Q: What is WDPE and why does it matter? A: WDPE (Water Dilution Peroxide Equivalent) quantifies the hydrogen peroxide activity in honey. Jarrah honey generates H₂O₂ enzymatically upon dilution — a distinct antimicrobial mechanism not measured by MGO or NPA testing alone. Read our full WDPE explainer →
Q: How does Jarrah honey testing compare to Manuka testing? A: Manuka honey is primarily rated by MGO (methylglyoxal) or UMF, both measuring non-peroxide activity. Jarrah testing is more comprehensive because it must capture both peroxide and non-peroxide mechanisms. A TA50+ result from Forest Fresh means both mechanisms have been independently verified.
Q: Why does honey from the same jar sometimes taste slightly different between batches? A: Natural honey varies slightly with each Jarrah flowering season — the ratio of nectars, the weather during flowering, and the hive's position in the forest all influence the final flavour profile. The testing ensures bioactive performance is consistent even when subtle flavour notes vary.

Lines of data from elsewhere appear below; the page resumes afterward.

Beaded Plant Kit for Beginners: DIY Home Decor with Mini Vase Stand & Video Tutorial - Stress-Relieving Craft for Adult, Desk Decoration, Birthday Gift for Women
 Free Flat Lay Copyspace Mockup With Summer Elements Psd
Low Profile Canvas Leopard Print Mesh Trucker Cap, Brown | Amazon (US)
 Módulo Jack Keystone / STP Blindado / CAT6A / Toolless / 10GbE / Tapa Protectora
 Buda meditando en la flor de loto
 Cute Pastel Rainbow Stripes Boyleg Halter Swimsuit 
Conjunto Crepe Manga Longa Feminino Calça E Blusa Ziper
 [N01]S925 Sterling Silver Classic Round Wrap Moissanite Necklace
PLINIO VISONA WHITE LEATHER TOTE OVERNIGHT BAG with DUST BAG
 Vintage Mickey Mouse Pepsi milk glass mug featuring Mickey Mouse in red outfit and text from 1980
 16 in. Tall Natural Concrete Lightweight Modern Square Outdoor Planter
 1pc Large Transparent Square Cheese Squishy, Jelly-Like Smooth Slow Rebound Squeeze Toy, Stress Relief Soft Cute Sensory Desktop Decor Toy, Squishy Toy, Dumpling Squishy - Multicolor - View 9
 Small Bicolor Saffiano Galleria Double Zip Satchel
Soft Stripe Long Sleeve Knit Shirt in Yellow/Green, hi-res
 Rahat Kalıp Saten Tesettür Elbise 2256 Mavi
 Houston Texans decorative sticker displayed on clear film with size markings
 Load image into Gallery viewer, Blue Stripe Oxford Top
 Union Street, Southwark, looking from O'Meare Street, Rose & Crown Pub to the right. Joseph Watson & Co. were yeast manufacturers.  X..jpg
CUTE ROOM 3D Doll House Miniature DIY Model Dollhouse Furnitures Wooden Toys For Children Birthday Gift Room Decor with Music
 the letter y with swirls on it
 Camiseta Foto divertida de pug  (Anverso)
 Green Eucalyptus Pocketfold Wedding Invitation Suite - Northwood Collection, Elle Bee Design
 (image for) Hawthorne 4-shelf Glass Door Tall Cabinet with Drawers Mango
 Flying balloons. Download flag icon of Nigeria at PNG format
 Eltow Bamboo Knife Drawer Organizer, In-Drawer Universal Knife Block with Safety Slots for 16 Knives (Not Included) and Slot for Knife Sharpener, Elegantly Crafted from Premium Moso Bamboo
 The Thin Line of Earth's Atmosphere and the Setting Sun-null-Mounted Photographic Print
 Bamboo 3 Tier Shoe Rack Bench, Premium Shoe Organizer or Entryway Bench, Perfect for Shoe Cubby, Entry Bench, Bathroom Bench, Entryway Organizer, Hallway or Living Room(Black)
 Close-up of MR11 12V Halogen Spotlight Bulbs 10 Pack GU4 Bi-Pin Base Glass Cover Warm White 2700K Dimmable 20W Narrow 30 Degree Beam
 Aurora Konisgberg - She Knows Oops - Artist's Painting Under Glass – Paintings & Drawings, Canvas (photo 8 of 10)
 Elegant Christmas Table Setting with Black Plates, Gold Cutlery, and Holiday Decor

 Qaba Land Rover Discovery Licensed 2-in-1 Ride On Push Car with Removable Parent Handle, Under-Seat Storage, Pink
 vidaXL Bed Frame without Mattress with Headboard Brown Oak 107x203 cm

The information in this article is for educational purposes only and is not intended to diagnose, treat, cure, or prevent any disease or health condition. Please consult your healthcare professional before using honey as part of a health or medical regimen. Forest Fresh Honey products are food products, not medicines. Not suitable for children under 12 months. These statements are based on traditional use and emerging scientific research.
Written by Matt Fewster, 5th generation of the Fewster family and co-founder of Forest Fresh Honey.
Sources: - Guttentag, A., Koldovsky, D., & Krovetz, H. (2021). Hydrogen peroxide measurement in honey — methodological advances. Available via PubMed. - Islam, M., Barbour, A., & Locher, C. (2024). Authentication of Western Australian honey varieties. PeerJ Chemistry. https://peerj.com/articles/achem-33/ - Irish, J., Blair, S., & Carter, D.A. (2011). The antibacterial activity of honey derived from Australian flora. PLOS ONE. https://journals.plos.org/plosone/article?id=10.1371/journal.pone.0018229 - Hossain, M.L. & Locher, C. (2023). WA honey vs Manuka honey comparison. Applied Sciences, 13(13), 7440. https://www.mdpi.com/2076-3417/13/13/7440 - Pavy, M. & Dragar, C. (2011). Antioxidant properties of Jarrah honey. WA Jarrah Honey Committee. https://img1.wsimg.com/blobby/go/35350b70-4b13-4876-abd6-b146f468c4e8/downloads/media-release%20on%20antioxidant%20of%20jarrah%20honey.pdf
1 Comment
You are being very misleading in this blog post.
NATA refuses to certify above TA35+. You should either remove this post or update it so it is truthful. TA50+ is marketing slop.